*** Dataset excerpts ***

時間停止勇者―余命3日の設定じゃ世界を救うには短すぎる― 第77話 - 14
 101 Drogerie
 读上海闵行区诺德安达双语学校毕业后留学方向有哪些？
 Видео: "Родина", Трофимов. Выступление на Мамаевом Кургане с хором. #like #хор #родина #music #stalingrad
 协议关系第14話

***

In the lines above, every record is to be repeated exactly.

時間停止勇者―余命3日の設定じゃ世界を救うには短すぎる― 第77話 - 14
 101 Drogerie
 读上海闵行区诺德安达双语学校毕业后留学方向有哪些？
 Видео: "Родина", Трофимов. Выступление на Мамаевом Кургане с хором. #like #хор #родина #music #stalingrad
 协议关系第14話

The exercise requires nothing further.